(Saved data entries):
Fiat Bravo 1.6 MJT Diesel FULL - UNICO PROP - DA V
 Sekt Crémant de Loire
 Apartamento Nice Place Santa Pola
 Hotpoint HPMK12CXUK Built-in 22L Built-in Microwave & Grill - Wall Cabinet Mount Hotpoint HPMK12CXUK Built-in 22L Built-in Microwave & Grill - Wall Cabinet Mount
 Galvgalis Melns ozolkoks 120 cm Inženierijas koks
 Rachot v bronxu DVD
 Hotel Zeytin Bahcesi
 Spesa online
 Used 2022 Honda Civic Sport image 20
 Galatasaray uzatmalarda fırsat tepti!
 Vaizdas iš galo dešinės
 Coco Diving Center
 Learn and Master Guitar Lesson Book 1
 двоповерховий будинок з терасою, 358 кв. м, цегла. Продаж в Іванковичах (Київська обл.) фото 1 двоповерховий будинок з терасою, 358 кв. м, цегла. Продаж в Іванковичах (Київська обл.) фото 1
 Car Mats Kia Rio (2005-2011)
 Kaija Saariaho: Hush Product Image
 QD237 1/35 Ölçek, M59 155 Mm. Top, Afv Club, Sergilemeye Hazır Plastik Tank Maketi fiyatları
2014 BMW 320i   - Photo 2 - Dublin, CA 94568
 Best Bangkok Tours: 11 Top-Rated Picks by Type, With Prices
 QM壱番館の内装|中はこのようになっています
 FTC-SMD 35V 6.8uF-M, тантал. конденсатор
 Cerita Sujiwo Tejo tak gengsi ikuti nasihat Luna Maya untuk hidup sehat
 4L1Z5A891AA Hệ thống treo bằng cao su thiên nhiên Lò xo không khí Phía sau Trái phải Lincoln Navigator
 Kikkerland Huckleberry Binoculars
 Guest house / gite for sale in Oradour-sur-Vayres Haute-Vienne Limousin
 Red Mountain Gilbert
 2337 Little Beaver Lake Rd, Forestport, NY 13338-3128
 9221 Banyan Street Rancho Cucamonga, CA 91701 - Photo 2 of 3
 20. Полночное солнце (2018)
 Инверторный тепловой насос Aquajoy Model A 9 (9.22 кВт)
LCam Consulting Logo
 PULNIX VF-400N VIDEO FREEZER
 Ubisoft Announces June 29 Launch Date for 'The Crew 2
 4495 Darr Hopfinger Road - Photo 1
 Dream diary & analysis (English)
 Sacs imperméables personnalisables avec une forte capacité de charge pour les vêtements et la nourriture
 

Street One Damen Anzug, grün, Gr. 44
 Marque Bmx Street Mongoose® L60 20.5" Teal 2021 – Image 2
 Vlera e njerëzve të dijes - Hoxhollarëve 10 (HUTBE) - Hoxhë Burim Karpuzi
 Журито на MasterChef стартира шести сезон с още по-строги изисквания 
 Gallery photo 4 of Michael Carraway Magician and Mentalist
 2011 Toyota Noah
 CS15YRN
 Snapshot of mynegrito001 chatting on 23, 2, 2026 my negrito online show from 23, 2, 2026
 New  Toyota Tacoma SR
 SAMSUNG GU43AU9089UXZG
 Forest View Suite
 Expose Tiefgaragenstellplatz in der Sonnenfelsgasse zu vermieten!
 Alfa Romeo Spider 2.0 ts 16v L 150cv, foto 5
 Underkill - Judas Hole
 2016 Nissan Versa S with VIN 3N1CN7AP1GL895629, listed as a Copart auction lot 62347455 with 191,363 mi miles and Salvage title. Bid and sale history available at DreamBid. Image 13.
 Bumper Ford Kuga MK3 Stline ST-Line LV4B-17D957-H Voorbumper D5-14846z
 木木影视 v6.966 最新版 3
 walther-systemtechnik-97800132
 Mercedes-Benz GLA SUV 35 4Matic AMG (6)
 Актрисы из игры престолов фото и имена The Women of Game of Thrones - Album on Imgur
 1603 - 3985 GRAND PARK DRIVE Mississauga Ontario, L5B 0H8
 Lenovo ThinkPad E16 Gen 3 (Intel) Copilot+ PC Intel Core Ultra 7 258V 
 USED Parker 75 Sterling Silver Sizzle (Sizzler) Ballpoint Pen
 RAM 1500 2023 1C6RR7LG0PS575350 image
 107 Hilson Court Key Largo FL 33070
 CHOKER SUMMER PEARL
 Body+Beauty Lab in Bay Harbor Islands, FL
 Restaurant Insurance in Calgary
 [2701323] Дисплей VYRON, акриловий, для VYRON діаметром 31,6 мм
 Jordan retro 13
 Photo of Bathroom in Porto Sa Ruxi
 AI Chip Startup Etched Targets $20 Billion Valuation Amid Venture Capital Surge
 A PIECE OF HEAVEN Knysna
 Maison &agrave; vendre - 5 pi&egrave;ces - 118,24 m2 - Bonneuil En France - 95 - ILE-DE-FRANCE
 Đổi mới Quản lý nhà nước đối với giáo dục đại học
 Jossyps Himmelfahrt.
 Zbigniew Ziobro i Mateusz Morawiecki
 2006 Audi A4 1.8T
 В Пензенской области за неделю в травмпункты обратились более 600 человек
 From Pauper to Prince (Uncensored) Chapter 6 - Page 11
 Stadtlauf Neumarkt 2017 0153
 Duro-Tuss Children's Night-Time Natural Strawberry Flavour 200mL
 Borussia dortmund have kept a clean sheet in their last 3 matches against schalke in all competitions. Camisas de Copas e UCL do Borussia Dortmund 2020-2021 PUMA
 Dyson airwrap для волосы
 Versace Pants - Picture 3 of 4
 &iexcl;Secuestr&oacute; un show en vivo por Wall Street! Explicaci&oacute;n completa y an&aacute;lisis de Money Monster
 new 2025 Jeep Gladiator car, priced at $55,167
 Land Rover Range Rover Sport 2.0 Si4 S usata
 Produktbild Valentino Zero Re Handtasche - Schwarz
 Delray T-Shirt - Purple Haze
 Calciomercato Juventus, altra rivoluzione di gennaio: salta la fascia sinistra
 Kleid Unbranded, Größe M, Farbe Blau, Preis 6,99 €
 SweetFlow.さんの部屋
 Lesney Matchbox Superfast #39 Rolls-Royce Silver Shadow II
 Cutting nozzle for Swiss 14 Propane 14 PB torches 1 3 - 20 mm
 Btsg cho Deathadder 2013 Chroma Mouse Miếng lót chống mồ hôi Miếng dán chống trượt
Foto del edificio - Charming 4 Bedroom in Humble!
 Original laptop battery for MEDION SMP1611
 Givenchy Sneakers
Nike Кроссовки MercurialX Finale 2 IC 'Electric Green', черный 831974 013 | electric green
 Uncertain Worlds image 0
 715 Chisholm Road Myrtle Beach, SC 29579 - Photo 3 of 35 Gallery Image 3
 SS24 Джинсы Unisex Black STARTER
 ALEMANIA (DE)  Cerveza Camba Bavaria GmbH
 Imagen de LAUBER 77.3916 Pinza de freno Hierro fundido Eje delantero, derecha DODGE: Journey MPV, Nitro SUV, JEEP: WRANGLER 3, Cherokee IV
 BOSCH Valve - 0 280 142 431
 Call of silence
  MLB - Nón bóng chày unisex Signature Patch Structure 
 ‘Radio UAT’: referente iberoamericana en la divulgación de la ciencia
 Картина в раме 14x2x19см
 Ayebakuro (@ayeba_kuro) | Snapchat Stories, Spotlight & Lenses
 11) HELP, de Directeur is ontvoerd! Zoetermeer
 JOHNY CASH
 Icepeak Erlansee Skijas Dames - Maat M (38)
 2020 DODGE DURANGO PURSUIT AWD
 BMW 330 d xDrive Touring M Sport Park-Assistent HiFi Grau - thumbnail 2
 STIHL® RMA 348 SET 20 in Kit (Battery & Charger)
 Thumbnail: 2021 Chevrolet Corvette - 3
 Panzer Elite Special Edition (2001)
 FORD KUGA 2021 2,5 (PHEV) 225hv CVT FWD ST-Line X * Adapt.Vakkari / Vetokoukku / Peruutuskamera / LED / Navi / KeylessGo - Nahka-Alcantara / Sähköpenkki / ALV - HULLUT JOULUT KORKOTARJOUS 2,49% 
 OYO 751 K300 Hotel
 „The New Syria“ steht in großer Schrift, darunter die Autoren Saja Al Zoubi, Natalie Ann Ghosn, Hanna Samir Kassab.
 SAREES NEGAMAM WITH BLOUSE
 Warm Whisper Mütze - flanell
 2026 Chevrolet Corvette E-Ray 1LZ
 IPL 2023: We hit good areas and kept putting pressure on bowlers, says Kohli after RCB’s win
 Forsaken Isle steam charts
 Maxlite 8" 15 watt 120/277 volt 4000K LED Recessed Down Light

(Task description):
Would you please repeat exactly the lines above, starting at the line with "Borussia dortmund have" and stopping at the line with "new 2025 Jeep", both included?

(Response box):
 Borussia dortmund have kept a clean sheet in their last 3 matches against schalke in all competitions. Camisas de Copas e UCL do Borussia Dortmund 2020-2021 PUMA
 Dyson airwrap для волосы
 Versace Pants - Picture 3 of 4
 &iexcl;Secuestr&oacute; un show en vivo por Wall Street! Explicaci&oacute;n completa y an&aacute;lisis de Money Monster
 new 2025 Jeep Gladiator car, priced at $55,167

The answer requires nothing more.